The Brtains have expressed their wish that they would be better off outside the European Union (EU). Indeed, the EU referendum results indicate a majority of 51.9% wanting to Brexit.
No Systemic Risk
We would characterise this choice as unfortunate, given that the notion of national identity has become superfluous in a more integrated and digitised world. However, we would like to take this opportunity to emphasise that this decision does NOT represent a systemic threat to the European and global financial system. It is, however, very likely to create price volatility which we believe should prove short lived.
Any systemic threat typically is initiated through weakness in national banking systems, and both the UK and EU banking systems are in good health with much better unded financial institutions (customer deposits as opposed to wholesale funding). These institutions are also much better capitalised than they were in 2008 and 2011.

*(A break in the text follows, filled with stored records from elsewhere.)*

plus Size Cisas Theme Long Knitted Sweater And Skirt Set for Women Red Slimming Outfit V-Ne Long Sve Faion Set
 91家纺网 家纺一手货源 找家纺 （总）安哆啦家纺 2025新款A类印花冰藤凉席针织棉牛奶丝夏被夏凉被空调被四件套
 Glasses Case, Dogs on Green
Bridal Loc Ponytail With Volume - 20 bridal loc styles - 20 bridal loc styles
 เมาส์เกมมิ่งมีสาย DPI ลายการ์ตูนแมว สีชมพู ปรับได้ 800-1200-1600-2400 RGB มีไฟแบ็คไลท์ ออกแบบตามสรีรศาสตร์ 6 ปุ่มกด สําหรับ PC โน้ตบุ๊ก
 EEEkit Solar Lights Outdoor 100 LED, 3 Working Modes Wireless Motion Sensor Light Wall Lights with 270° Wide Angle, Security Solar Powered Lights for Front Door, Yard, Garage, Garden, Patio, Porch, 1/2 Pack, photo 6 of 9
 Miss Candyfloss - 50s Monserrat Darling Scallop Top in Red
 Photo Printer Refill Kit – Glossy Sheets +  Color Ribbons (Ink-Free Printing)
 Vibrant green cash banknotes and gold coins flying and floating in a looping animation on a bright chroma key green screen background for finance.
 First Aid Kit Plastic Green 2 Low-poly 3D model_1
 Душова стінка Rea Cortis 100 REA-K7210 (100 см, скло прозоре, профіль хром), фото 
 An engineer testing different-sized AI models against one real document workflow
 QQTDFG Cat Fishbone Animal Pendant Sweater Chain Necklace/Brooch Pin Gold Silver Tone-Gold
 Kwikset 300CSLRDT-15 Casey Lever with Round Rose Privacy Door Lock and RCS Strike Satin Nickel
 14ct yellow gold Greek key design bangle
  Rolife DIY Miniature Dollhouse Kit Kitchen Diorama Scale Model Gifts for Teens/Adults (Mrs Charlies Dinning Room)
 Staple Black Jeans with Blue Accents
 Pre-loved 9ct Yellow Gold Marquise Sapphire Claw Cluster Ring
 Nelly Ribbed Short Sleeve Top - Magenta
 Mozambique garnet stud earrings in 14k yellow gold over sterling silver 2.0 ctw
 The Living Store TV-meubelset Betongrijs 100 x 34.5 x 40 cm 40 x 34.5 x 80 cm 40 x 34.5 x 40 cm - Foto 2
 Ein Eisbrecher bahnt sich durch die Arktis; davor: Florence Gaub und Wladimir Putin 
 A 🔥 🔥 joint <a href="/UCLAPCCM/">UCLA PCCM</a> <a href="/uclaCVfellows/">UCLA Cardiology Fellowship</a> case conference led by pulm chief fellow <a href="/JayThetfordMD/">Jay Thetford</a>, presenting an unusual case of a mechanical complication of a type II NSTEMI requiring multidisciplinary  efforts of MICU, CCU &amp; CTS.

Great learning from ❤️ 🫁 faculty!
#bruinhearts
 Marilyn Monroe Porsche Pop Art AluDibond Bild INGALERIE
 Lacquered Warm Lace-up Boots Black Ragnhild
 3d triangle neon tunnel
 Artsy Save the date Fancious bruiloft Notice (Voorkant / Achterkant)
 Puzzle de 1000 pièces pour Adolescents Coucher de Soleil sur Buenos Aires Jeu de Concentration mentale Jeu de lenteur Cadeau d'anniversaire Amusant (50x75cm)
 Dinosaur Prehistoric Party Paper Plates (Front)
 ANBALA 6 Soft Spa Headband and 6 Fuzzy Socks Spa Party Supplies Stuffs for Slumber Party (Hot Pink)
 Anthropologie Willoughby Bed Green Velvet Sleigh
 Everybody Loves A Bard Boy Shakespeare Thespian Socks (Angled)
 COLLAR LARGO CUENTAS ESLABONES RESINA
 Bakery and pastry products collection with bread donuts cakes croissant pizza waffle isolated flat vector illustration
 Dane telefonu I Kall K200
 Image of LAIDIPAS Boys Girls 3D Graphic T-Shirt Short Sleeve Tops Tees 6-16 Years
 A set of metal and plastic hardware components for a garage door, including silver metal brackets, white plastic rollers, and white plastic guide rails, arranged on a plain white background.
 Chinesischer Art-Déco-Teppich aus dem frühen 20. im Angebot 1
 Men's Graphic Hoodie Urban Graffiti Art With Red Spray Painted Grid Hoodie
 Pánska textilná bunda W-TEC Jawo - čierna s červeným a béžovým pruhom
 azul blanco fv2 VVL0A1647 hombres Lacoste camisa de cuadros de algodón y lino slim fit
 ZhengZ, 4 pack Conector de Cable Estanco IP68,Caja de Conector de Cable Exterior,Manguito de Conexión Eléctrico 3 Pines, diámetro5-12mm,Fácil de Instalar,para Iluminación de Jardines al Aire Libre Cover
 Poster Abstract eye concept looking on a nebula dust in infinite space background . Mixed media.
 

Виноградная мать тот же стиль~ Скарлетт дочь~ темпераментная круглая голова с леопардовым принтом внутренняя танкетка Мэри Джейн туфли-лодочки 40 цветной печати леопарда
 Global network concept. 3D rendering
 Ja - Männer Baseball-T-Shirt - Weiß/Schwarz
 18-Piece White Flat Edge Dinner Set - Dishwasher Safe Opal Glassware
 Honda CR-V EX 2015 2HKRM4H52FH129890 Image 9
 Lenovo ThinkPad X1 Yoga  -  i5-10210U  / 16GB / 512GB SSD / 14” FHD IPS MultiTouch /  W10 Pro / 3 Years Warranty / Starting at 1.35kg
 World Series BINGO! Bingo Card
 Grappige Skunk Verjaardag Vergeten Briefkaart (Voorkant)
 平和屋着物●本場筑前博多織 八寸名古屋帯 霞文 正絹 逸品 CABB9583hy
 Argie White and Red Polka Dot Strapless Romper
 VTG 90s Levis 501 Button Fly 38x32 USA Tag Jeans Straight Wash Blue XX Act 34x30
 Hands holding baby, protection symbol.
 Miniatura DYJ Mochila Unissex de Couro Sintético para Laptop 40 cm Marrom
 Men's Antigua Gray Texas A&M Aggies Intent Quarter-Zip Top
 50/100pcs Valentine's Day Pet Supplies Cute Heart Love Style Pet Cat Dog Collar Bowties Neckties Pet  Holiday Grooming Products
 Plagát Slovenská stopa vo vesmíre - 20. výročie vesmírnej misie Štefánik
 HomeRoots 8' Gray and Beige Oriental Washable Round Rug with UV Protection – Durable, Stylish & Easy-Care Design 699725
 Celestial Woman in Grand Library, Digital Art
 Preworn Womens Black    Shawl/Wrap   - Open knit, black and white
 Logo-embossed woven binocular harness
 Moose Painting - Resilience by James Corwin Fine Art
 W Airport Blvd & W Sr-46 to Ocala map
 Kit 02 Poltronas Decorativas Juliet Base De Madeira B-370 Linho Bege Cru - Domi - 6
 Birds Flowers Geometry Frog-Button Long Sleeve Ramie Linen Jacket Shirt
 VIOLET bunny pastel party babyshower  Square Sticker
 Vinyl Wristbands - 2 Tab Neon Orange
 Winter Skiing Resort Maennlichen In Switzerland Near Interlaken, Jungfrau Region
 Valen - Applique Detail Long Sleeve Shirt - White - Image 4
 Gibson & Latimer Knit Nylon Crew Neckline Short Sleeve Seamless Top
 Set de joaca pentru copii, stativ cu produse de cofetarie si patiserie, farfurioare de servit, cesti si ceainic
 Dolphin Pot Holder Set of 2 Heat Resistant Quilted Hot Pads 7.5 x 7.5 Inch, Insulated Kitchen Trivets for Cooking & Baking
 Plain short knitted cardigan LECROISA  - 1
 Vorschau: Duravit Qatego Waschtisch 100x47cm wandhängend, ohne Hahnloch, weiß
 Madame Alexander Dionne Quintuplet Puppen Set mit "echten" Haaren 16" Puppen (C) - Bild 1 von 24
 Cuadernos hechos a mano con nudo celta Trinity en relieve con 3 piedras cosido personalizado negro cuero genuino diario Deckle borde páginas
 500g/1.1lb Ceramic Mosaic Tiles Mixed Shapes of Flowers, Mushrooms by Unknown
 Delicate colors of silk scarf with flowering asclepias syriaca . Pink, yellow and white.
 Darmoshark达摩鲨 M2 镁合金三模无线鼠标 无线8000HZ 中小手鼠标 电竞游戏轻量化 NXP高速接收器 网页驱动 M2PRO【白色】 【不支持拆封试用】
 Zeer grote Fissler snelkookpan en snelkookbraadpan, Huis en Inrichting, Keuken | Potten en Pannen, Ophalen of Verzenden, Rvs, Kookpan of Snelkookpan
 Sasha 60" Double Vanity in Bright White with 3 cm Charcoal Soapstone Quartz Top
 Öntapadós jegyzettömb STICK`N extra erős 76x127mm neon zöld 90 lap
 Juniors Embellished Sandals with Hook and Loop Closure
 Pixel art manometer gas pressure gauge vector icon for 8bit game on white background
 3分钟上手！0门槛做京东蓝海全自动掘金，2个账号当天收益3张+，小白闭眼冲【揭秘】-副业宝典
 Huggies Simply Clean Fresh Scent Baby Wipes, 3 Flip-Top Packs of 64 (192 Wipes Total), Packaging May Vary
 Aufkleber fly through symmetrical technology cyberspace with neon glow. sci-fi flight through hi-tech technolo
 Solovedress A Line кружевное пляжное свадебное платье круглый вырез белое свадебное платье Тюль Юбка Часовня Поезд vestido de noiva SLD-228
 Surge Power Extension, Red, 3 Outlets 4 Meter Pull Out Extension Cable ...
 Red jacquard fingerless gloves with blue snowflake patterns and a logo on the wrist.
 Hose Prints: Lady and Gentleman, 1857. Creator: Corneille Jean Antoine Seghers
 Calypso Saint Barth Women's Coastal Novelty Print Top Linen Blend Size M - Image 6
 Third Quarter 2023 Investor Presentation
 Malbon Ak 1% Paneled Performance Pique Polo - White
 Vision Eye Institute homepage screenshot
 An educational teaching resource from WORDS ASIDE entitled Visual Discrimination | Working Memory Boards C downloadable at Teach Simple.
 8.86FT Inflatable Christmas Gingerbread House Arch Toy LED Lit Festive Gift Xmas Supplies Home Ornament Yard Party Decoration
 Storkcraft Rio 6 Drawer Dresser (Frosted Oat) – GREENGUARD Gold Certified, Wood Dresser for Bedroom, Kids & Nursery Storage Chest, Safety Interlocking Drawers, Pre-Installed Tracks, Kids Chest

Central banks ready to act
Furthermore, both the Bank of England (BoE) and the European Central Bank (ECB) are on standby in the immediate period post-referendum, providing unlimited additional liquidity to banks should they require it: Open BOE liquidity window and TLRO-II operations. The central banks (including the BoE) are also ready to defend against any capital flight from the Pound Sterling, as well as a drought in liquidity, by stepping up their quantitative easing measures. Through this vote, the EU is unlikely to go on as it is, with the larger and more economically powerful EU nations likely to respond positively to this event in a bid to make the EU a more integrated and stronger bloc.